A coin kept on a rotating gramophone disc just beging to slip if its centre is at a distance of 8 cm from the centre of the disc .The angular velocity of the gramophone disc is then doubled , Through what distance , the coin should be shifted towards the centre , so that the coin will just slip ?
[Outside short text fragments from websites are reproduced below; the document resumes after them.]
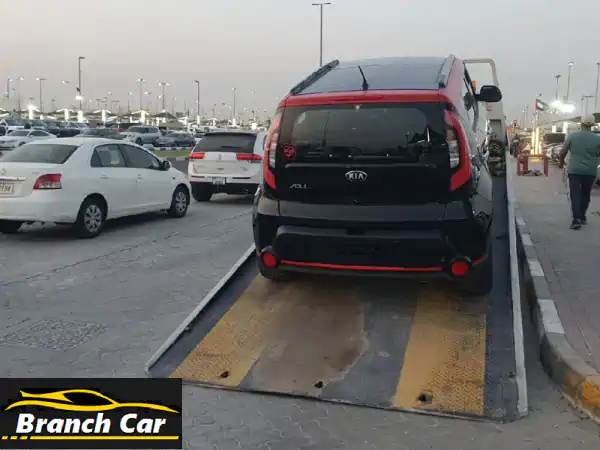 للبيع في عجمان سيارة كيا سول خليجي ماشية 180...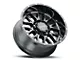 G-FX TM-5 Gloss Black Milled 6-Lug Wheel; 17x8.5; 18mm Offset (14-18 Sierra 1500)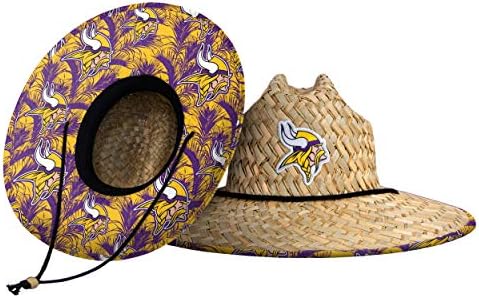 Foco Men’s NFL Floral Lifeguard Straw Sun Hat: Stylish Team Logo!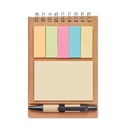 Blocco notes con penna e fogli - 4
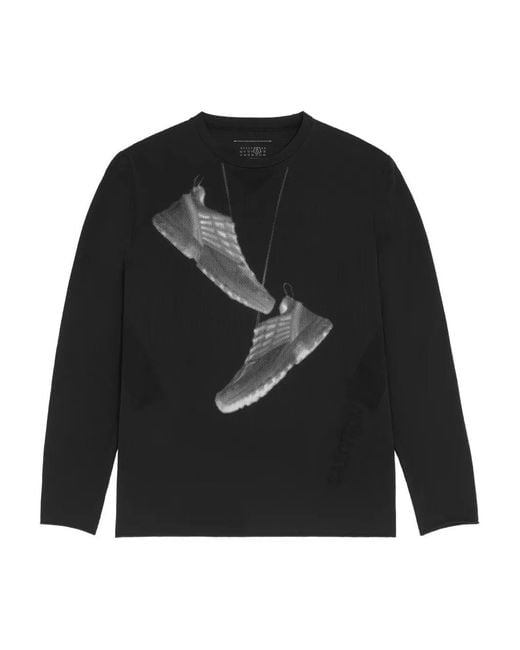 MM6 MAISON MARGIELA X SALOMON Black Mm6 Maison Margiela X Salomon X Salomon Graphic Print Sweatshirt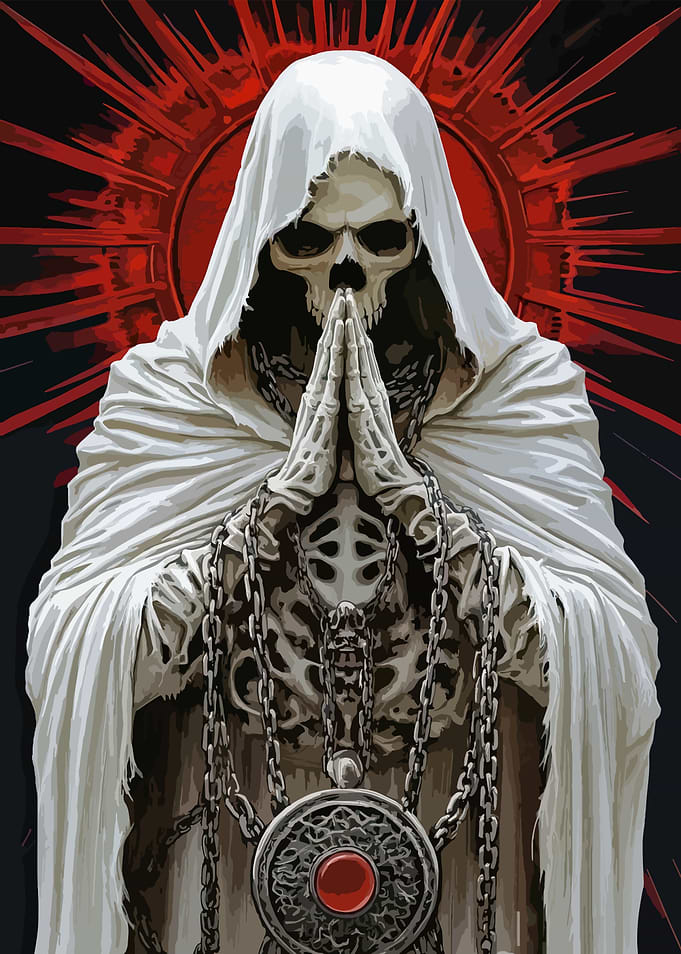 Grim Reaper in Prayer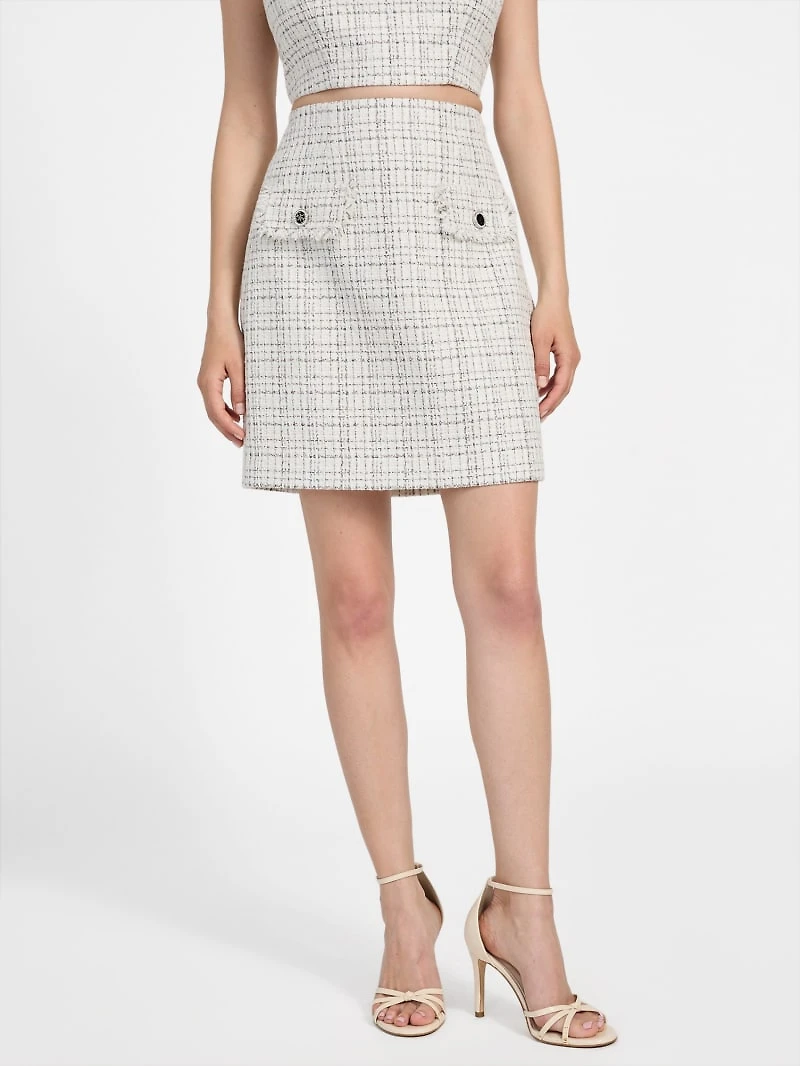 Eco Annamaria Mini Tweed Skirt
To solve the problem step by step, we will analyze the forces acting on the coin when it is on the rotating gramophone disc. ### Step 1: Understand the Initial Condition The coin is initially at a distance \( r = 8 \, \text{cm} \) from the center of the disc. It is just about to slip, meaning the frictional force equals the required centripetal force for circular motion. ### Step 2: Write the Equation for the Initial Condition The centripetal force required to keep the coin moving in a circle is given by: \[ F_c = m \omega^2 r \] where \( m \) is the mass of the coin, \( \omega \) is the angular velocity, and \( r \) is the radius (8 cm in this case). The frictional force \( f \) that prevents the coin from slipping is given by: \[ f = \mu m g \] where \( \mu \) is the coefficient of static friction and \( g \) is the acceleration due to gravity. Since the coin is just about to slip, we have: \[ \mu m g = m \omega^2 r \] Cancelling \( m \) from both sides, we get: \[ \mu g = \omega^2 r \] ### Step 3: Analyze the New Condition When the angular velocity is doubled, the new angular velocity \( \omega' = 2\omega \). The coin will now slip at a new radius \( r' \). ### Step 4: Write the Equation for the New Condition The centripetal force in the new condition can be expressed as: \[ F_c' = m \omega'^2 r' = m (2\omega)^2 r' = 4m \omega^2 r' \] Setting this equal to the frictional force, we have: \[ \mu m g = 4m \omega^2 r' \] Again cancelling \( m \), we get: \[ \mu g = 4 \omega^2 r' \] ### Step 5: Relate the Two Conditions From the first condition, we have: \[ \mu g = \omega^2 r \] Substituting \( r = 8 \, \text{cm} \): \[ \mu g = \omega^2 \cdot 8 \] Now substituting this into the second condition: \[ 8 = 4 r' \] This implies: \[ r' = \frac{8}{4} = 2 \, \text{cm} \] ### Step 6: Calculate the Shift Towards the Center The coin needs to be shifted from \( r = 8 \, \text{cm} \) to \( r' = 2 \, \text{cm} \). The distance \( x \) that the coin should be shifted is: \[ x = r - r' = 8 \, \text{cm} - 2 \, \text{cm} = 6 \, \text{cm} \] ### Final Answer The coin should be shifted **6 cm** towards the center of the disc to just begin to slip again. ---